RECORDS:
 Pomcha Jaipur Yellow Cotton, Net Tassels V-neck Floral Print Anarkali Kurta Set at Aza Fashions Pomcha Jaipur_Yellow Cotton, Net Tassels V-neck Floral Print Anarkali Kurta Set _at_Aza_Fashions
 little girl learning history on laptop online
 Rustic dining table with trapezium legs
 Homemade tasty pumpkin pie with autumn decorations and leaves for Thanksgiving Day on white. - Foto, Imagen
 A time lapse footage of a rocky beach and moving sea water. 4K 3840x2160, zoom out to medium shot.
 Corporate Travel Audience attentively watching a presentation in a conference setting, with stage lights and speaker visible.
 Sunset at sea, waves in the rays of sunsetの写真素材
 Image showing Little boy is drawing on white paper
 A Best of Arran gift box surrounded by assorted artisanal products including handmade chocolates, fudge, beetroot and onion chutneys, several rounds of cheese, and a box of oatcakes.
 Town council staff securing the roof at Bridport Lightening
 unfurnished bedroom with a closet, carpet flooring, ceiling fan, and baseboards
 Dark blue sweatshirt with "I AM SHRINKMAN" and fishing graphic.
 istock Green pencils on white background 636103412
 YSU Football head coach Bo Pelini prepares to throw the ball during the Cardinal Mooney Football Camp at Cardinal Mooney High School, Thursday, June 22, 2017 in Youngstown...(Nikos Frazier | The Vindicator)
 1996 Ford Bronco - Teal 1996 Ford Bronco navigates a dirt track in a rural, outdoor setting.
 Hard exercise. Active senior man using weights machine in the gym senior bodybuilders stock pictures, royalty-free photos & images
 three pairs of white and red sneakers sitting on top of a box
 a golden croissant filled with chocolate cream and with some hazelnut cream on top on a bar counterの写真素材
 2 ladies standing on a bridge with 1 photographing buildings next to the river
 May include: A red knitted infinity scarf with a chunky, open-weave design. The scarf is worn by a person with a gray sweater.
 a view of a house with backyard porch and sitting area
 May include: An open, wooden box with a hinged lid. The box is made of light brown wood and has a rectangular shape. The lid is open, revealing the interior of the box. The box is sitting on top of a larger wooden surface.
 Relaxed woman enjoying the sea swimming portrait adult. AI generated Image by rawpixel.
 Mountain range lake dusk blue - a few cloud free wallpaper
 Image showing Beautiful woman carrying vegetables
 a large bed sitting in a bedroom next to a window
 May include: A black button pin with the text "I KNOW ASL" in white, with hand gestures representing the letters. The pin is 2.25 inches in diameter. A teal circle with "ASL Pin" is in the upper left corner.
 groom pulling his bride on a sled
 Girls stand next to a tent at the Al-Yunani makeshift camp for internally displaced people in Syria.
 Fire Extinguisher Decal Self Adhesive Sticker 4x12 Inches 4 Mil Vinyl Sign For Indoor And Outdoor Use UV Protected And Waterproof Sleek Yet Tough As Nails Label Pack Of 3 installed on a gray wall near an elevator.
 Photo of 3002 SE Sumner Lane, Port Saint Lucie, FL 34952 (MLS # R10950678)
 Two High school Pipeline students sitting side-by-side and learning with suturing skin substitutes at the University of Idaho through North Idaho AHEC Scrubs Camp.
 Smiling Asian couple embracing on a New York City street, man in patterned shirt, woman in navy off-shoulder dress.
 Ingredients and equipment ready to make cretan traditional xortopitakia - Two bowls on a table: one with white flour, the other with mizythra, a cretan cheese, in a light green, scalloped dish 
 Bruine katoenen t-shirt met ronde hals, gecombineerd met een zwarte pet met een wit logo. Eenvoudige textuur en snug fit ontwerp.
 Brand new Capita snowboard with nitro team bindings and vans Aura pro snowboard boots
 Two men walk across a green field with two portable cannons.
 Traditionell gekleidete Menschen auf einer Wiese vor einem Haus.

REQUIRED ACTION: Return the records in full, exactly as they read.

YOUR SOLUTION:
 Pomcha Jaipur Yellow Cotton, Net Tassels V-neck Floral Print Anarkali Kurta Set at Aza Fashions Pomcha Jaipur_Yellow Cotton, Net Tassels V-neck Floral Print Anarkali Kurta Set _at_Aza_Fashions
 little girl learning history on laptop online
 Rustic dining table with trapezium legs
 Homemade tasty pumpkin pie with autumn decorations and leaves for Thanksgiving Day on white. - Foto, Imagen
 A time lapse footage of a rocky beach and moving sea water. 4K 3840x2160, zoom out to medium shot.
 Corporate Travel Audience attentively watching a presentation in a conference setting, with stage lights and speaker visible.
 Sunset at sea, waves in the rays of sunsetの写真素材
 Image showing Little boy is drawing on white paper
 A Best of Arran gift box surrounded by assorted artisanal products including handmade chocolates, fudge, beetroot and onion chutneys, several rounds of cheese, and a box of oatcakes.
 Town council staff securing the roof at Bridport Lightening
 unfurnished bedroom with a closet, carpet flooring, ceiling fan, and baseboards
 Dark blue sweatshirt with "I AM SHRINKMAN" and fishing graphic.
 istock Green pencils on white background 636103412
 YSU Football head coach Bo Pelini prepares to throw the ball during the Cardinal Mooney Football Camp at Cardinal Mooney High School, Thursday, June 22, 2017 in Youngstown...(Nikos Frazier | The Vindicator)
 1996 Ford Bronco - Teal 1996 Ford Bronco navigates a dirt track in a rural, outdoor setting.
 Hard exercise. Active senior man using weights machine in the gym senior bodybuilders stock pictures, royalty-free photos & images
 three pairs of white and red sneakers sitting on top of a box
 a golden croissant filled with chocolate cream and with some hazelnut cream on top on a bar counterの写真素材
 2 ladies standing on a bridge with 1 photographing buildings next to the river
 May include: A red knitted infinity scarf with a chunky, open-weave design. The scarf is worn by a person with a gray sweater.
 a view of a house with backyard porch and sitting area
 May include: An open, wooden box with a hinged lid. The box is made of light brown wood and has a rectangular shape. The lid is open, revealing the interior of the box. The box is sitting on top of a larger wooden surface.
 Relaxed woman enjoying the sea swimming portrait adult. AI generated Image by rawpixel.
 Mountain range lake dusk blue - a few cloud free wallpaper
 Image showing Beautiful woman carrying vegetables
 a large bed sitting in a bedroom next to a window
 May include: A black button pin with the text "I KNOW ASL" in white, with hand gestures representing the letters. The pin is 2.25 inches in diameter. A teal circle with "ASL Pin" is in the upper left corner.
 groom pulling his bride on a sled
 Girls stand next to a tent at the Al-Yunani makeshift camp for internally displaced people in Syria.
 Fire Extinguisher Decal Self Adhesive Sticker 4x12 Inches 4 Mil Vinyl Sign For Indoor And Outdoor Use UV Protected And Waterproof Sleek Yet Tough As Nails Label Pack Of 3 installed on a gray wall near an elevator.
 Photo of 3002 SE Sumner Lane, Port Saint Lucie, FL 34952 (MLS # R10950678)
 Two High school Pipeline students sitting side-by-side and learning with suturing skin substitutes at the University of Idaho through North Idaho AHEC Scrubs Camp.
 Smiling Asian couple embracing on a New York City street, man in patterned shirt, woman in navy off-shoulder dress.
 Ingredients and equipment ready to make cretan traditional xortopitakia - Two bowls on a table: one with white flour, the other with mizythra, a cretan cheese, in a light green, scalloped dish 
 Bruine katoenen t-shirt met ronde hals, gecombineerd met een zwarte pet met een wit logo. Eenvoudige textuur en snug fit ontwerp.
 Brand new Capita snowboard with nitro team bindings and vans Aura pro snowboard boots
 Two men walk across a green field with two portable cannons.
 Traditionell gekleidete Menschen auf einer Wiese vor einem Haus.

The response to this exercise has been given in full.